Alla luce di tutto ciò, nel caso appena descritto, anche in considerazione dell’assenza di sindrome da malperfusione, dell’asintomaticità e allo stesso tempo della fragilità del paziente, che presentava un rischio operatorio proibitivo già per potenziale intervento tradizionale ed elettivo di sostituzione valvolare aortica, è stato preferito un trattamento conservativo. Tale strategia cosiddetta “watchful waiting”, oltre ad essere basata su una terapia medica mirata al controllo della pressione arteriosa e della frequenza cardiaca, prevedeva un serrato follow-up clinico-strumentale (angio-TC a 1 mese ed a 6 mesi) mirato ad identificare eventuali segni di progressione della malattia e/o di malperfusione, che invece e purtroppo complica più del 30% delle DAAI di tipo A4.

In conclusione, oltre all’eventuale evitabilità di tale complicanza utilizzando un altro tipo di bioprotesi transcatetere e all’appropriatezza di tale trattamento conservativo, resta sicuramente un interrogativo aperto se la rottura dell’introduttore, responsabile della DAAI, è stata determinata da un difetto strutturale dello stesso o da una non corretta gestione del recupero della protesi valvolare. Ciò che tuttavia è certo è che, considerate le differenze in fattori di rischio e presentazione clinica rispetto a quella spontanea, la DAAI di tipo A va sempre considerata una rara ma potenzialmente fatale complicanza, che necessita di particolare attenzione clinica oltre a meritare una strategia terapeutica del tutto individualizzata.

RIASSUNTO

La dissezione aortica acuta iatrogena (DAAI) è una rara ma severa complicanza che può verificarsi in corso di impianto transcatetere di valvola aortica (TAVI). Considerato l’elevato tasso di mortalità e di ictus postoperatori in tale popolazione ad alto rischio, solo in pochi casi la DAAI di tipo A viene trattata chirurgicamente; l’approccio endovascolare è altrettanto raro, e complesso a causa delle varianti anatomiche della DAAI di tipo A spiraliformi. Talvolta un atteggiamento “watchful waiting” rappresenta la soluzione migliore. Presentiamo il caso di un’estesa DAAI di tipo A in corso di TAVI, verosimilmente dovuta alla rottura dell’introduttore dedicato, e gestita conservativamente.
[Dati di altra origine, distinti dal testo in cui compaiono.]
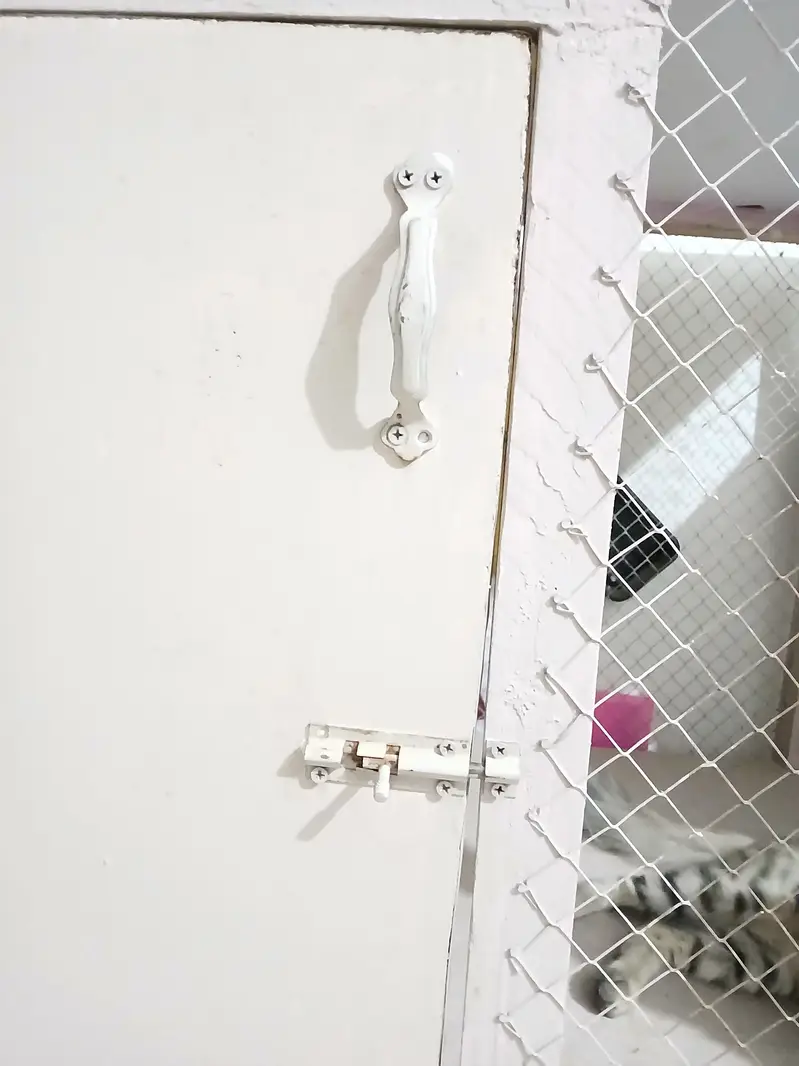 Big SIZE CAGE - Available — photo 7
Parole chiave. Angio-tomografia computerizzata; Complicanze intraprocedurali; Dissezione; Impianto transcatetere di valvola aortica; Stenosi valvolare aortica; Watchful waiting.

RINGRAZIAMENTI

Il Dr. Fortunato Iacovelli frequenta il corso di dottorato di ricerca internazionale CardioPaTh. Si ringrazia il Dr. Vito Alberotanza per il prezioso contributo nell’acquisizione, elaborazione e ricostruzione delle immagini angio-TC.